The answer must be only the lines below from the one holding "关于荷乙多德勒支VS阿尔梅勒城赛事预测阿尔梅勒城遭遇客场5连败的信息" down to the one holding "Pendants - Geo", ends included, printed exactly; please omit all pictures.

* [Source data]
........

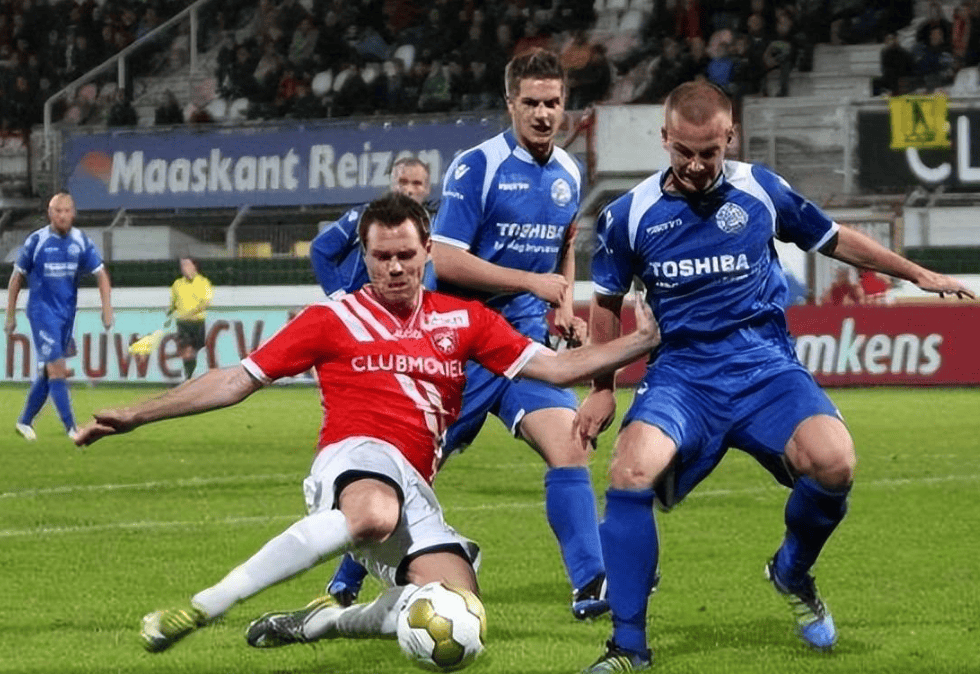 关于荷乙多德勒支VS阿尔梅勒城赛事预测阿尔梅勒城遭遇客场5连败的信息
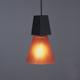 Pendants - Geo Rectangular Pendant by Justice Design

........

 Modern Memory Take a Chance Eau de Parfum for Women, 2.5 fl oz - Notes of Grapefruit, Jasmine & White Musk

........

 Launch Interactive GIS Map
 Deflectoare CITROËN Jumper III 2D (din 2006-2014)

........

* [Expected output]
 关于荷乙多德勒支VS阿尔梅勒城赛事预测阿尔梅勒城遭遇客场5连败的信息
 Pendants - Geo Rectangular Pendant by Justice Design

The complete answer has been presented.